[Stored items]
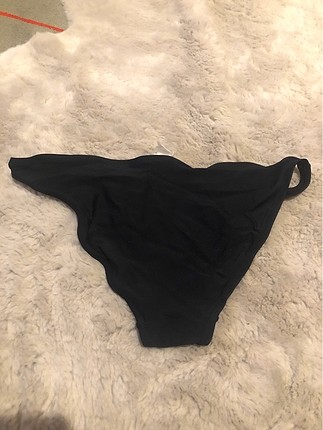 Diğer Dagi siyah bikini altı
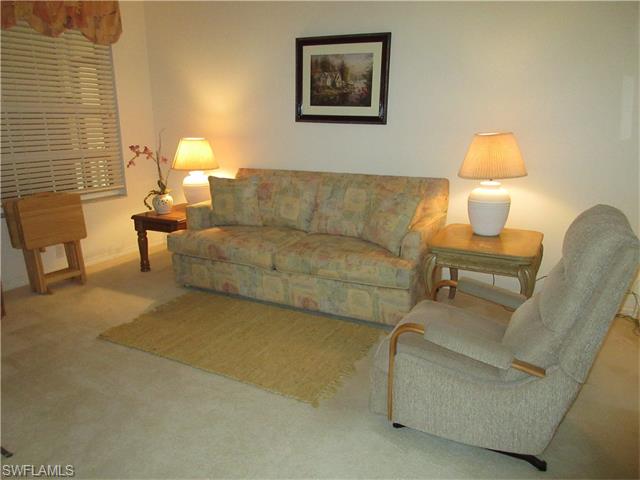 8241 Parkstone PL, Naples, FL 34120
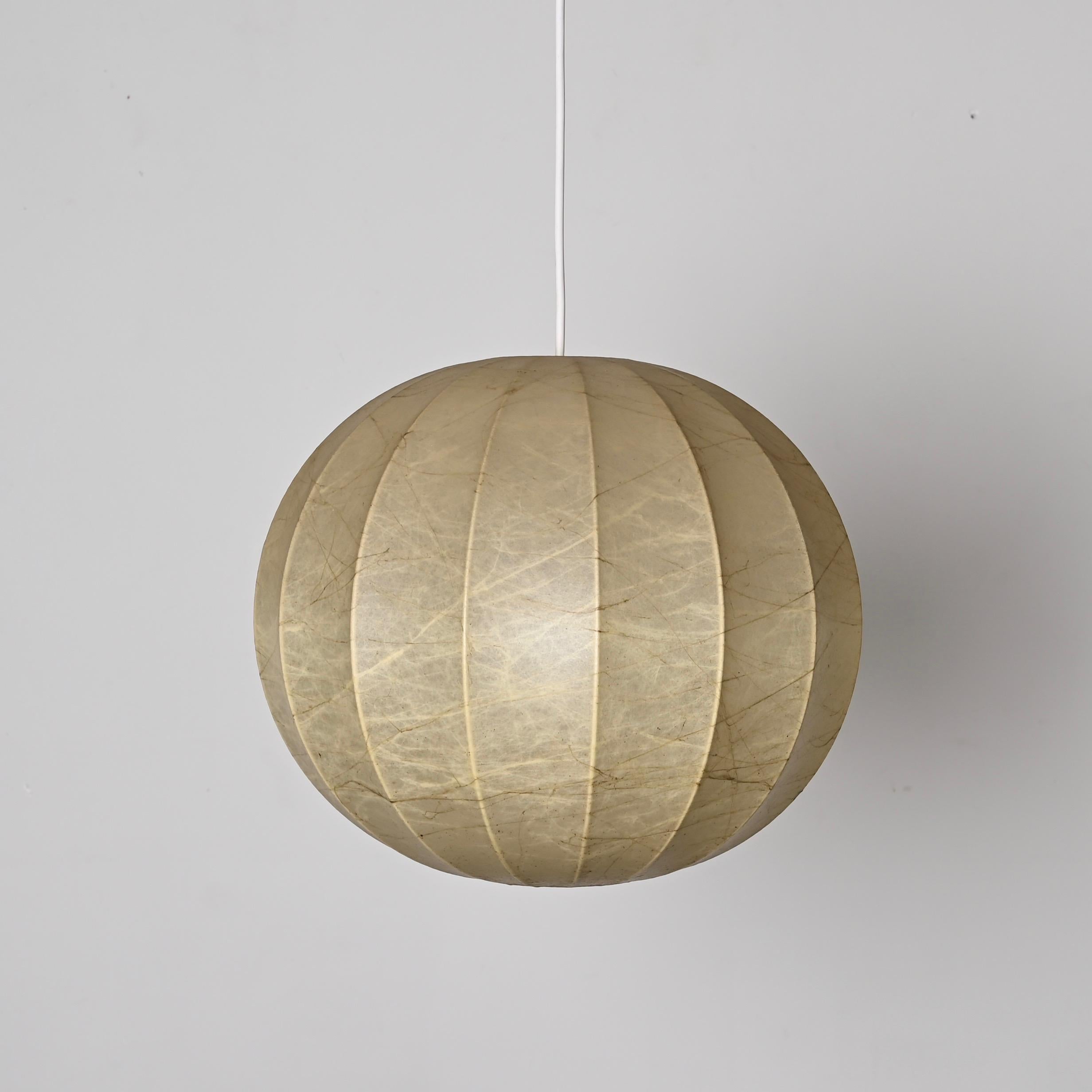Stunning 'Cocoon' pendant in resin and steel. This lovely pendant lamp was designed by Achille Castiglioni in Italy in the 1960s.

This iconic piece features a round shade made in a natural soft resin which covers a metal frame with a regular and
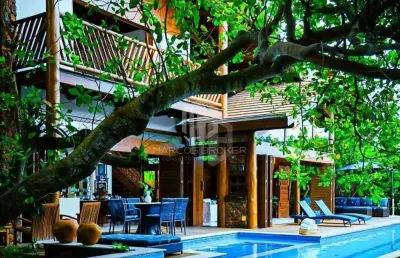 Casa a venda no piscinas naturais (jacarandás) em praia do forte, litoral norte da bahia. condomínio com acesso à praia,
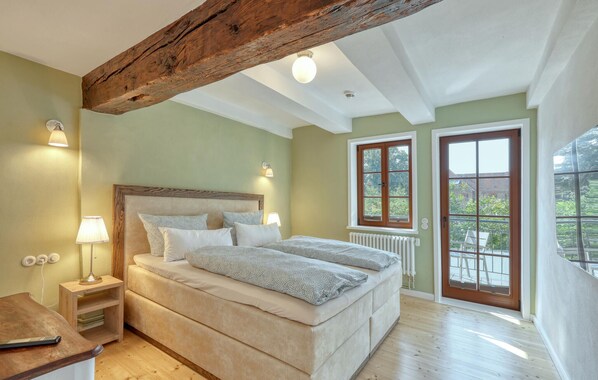 3 bedrooms, travel cot, free WiFi, bed sheets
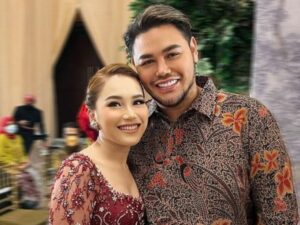 Berita artis: Ivan Gunawan foto bergandengan dan jadi pendamping Ayu Ting Ting di nikahan sang adik, warganet nilai keduanya ini serasi.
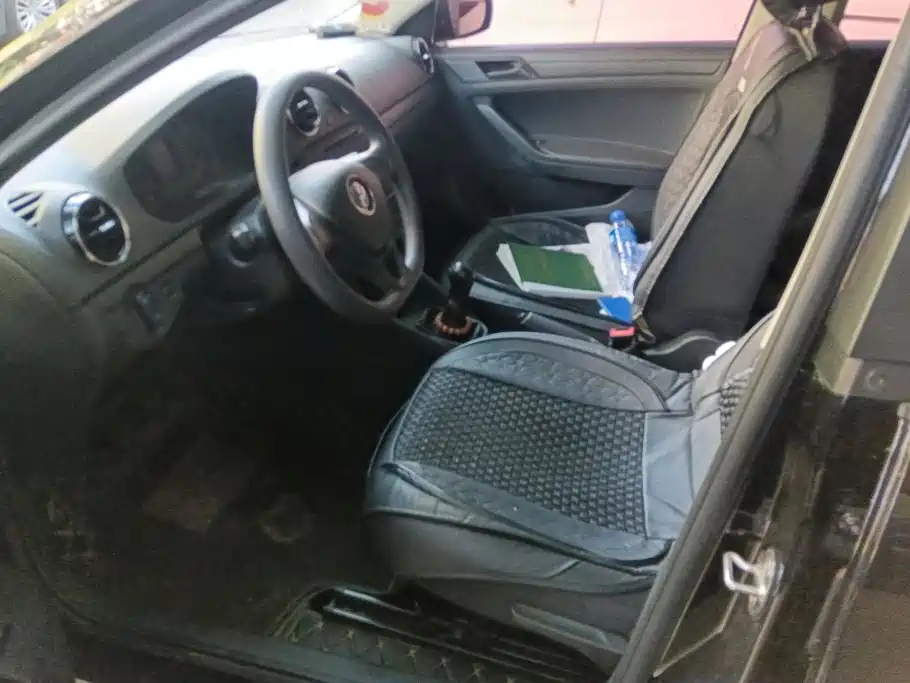 Volkswagen Jetta — миниатюра 9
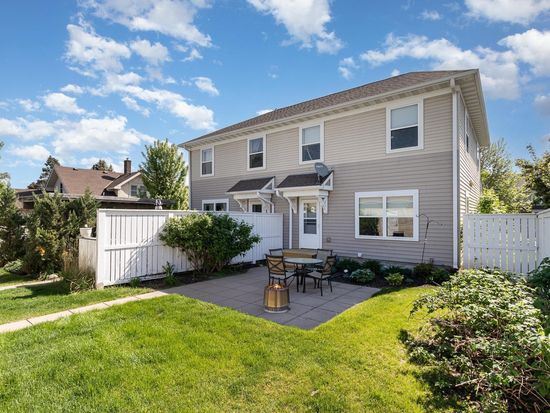 613 1st Ave NW, Osseo, MN 55369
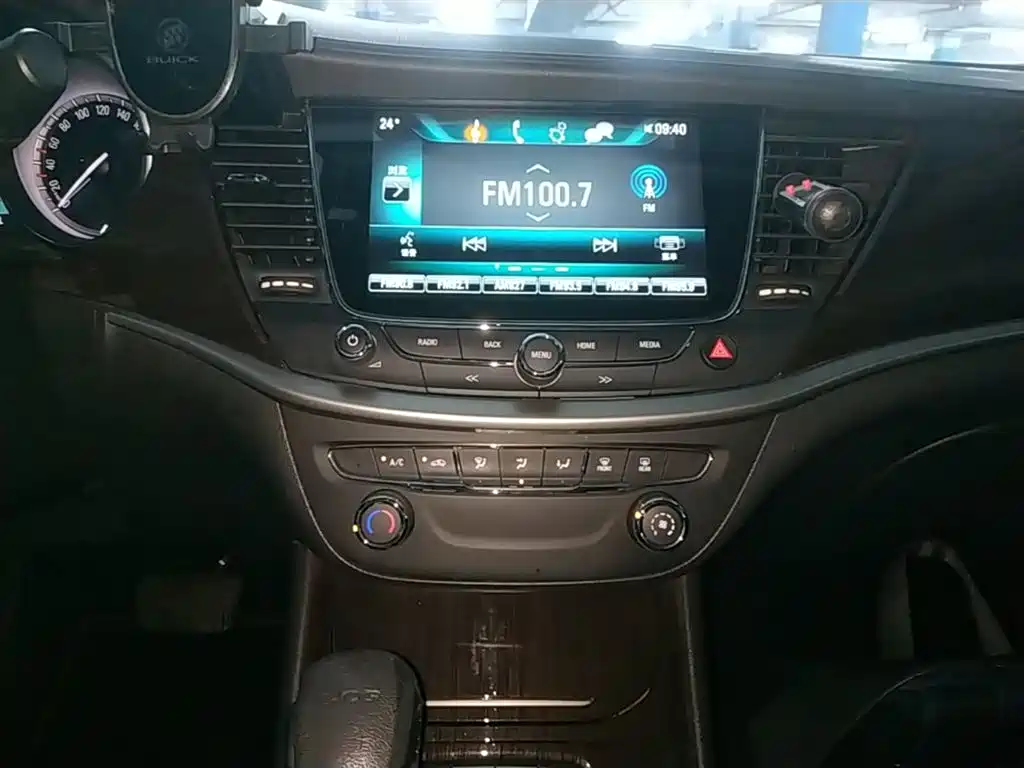 Buick Verano 2019 Sedan 20T Dual Clutch Leading фото 13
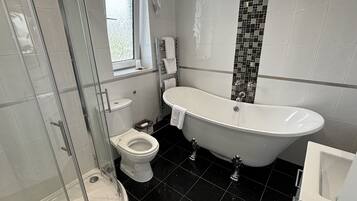 Superior Double Room, Ensuite (Bridal) | Bathroom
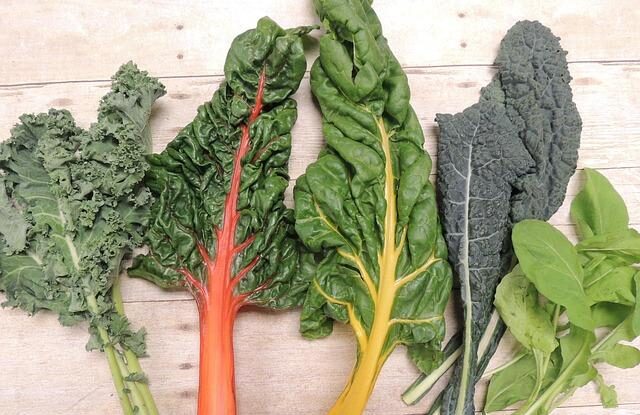 Jak zpracovat kapustový stonek – smoothie nebo koření. Využijte všechny části této zdravé zeleniny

Assignment:
Write out exactly the lines from the one containing "Casa a venda" through the last line of the records above, both ends included, and leave out any pictures.

Task solution:
 Casa a venda no piscinas naturais (jacarandás) em praia do forte, litoral norte da bahia. condomínio com acesso à praia,
 3 bedrooms, travel cot, free WiFi, bed sheets
 Berita artis: Ivan Gunawan foto bergandengan dan jadi pendamping Ayu Ting Ting di nikahan sang adik, warganet nilai keduanya ini serasi.
 Volkswagen Jetta — миниатюра 9
 613 1st Ave NW, Osseo, MN 55369
 Buick Verano 2019 Sedan 20T Dual Clutch Leading фото 13
 Superior Double Room, Ensuite (Bridal) | Bathroom
 Jak zpracovat kapustový stonek – smoothie nebo koření. Využijte všechny části této zdravé zeleniny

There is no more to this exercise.